D’autant plus que quelques pays membres demandent de leur côté un report d’au moins trois ans de certaines dispositions du règlement, invoquant les incertitudes géopolitiques, la guerre au Moyen-Orient et les risques pour la sécurité énergétique européenne.

Pour l’Algérie particulièrement, l’enjeu est important du fait que le marché européen soit de loin son principal débouché gazier, et elle cherche donc à éviter que des exigences techniques européennes ne deviennent une barrière à l’entrée.

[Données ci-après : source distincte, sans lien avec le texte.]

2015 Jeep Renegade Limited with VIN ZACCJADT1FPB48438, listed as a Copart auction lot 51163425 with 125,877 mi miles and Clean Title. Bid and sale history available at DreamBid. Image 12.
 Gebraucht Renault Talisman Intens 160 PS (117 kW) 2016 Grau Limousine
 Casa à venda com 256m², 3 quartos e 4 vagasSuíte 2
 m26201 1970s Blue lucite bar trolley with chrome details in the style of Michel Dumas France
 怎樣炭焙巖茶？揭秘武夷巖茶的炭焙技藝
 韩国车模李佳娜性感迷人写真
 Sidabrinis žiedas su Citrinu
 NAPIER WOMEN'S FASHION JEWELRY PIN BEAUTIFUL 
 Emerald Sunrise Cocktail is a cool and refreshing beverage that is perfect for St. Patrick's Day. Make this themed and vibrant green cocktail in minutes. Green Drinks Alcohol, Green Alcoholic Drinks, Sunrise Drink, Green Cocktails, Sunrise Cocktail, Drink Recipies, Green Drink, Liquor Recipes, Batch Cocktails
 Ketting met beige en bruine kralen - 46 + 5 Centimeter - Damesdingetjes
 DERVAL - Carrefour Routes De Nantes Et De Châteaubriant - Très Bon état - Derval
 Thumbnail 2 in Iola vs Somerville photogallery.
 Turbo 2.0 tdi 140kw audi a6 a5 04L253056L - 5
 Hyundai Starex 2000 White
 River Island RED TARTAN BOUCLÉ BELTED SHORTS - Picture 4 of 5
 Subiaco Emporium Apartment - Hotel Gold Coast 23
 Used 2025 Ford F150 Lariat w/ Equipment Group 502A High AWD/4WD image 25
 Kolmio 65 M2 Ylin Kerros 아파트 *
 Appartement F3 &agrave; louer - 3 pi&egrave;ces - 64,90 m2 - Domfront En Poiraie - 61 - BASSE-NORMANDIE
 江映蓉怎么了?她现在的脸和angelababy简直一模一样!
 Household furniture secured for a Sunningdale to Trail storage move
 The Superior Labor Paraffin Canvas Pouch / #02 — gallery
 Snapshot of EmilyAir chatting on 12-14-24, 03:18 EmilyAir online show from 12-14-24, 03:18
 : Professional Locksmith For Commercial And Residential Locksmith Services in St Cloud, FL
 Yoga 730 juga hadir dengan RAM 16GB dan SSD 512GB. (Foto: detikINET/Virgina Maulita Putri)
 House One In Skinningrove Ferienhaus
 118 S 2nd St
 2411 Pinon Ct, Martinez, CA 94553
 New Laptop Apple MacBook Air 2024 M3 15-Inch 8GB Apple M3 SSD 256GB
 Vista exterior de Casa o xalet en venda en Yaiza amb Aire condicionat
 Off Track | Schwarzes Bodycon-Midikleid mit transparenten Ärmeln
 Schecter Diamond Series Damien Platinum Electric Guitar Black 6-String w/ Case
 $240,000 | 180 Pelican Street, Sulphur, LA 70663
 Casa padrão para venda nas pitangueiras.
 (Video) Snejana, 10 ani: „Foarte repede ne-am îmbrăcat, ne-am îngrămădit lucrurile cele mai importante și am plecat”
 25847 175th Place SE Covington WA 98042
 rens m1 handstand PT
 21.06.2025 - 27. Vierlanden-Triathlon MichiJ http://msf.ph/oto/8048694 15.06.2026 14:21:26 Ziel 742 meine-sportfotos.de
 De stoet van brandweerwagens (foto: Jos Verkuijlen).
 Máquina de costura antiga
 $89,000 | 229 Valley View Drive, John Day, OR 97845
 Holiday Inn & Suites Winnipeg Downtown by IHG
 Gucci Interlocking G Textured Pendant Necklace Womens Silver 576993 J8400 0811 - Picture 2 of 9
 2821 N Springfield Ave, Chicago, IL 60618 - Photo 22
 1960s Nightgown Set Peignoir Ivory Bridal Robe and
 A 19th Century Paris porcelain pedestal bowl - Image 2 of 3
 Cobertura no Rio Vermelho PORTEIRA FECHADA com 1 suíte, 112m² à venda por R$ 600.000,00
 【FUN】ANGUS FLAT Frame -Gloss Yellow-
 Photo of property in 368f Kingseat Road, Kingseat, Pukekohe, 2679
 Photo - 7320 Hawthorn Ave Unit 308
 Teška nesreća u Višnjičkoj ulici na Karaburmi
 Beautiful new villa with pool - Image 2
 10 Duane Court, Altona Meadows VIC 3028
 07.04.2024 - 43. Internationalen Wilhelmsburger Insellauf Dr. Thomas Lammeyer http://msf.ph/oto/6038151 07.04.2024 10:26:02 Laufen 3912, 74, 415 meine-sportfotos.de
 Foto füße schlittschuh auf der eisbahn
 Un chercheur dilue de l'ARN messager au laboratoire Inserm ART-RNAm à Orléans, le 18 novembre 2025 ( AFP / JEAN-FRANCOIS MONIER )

Un ambitieux programme d’investissement de Sonatrach

C’est à ce titre que le groupe Sonatrach a engagé un ambitieux programme d’investissements d’ici 2030, à hauteur de 40 milliards de dollars, visant notamment à réduire le taux de gaz torché à moins de 1 %.

L’entreprise nationale vient d’ailleurs de signer un mémorandum d’entente avec la compagnie allemande VNG AG pour collaborer étroitement sur les technologies de réduction des émissions de méthane ainsi que sur l’hydrogène vert. Elle devra démontrer plus précisément ses performances environnementales pour maintenir sa compétitivité sur le marché européen.

En définitive, l’Algérie s’attend à un report de quelques années pour la mise en application du règlement sur le méthane afin de garantir davantage de temps à Sonatrach pour déployer les systèmes de mesure et de réduction des émissions de gaz exigés par le marché européen. Il est clair aussi que les investissements supplémentaires pour surveiller et réduire les émissions de méthane vont se répercuter sur le prix du gaz.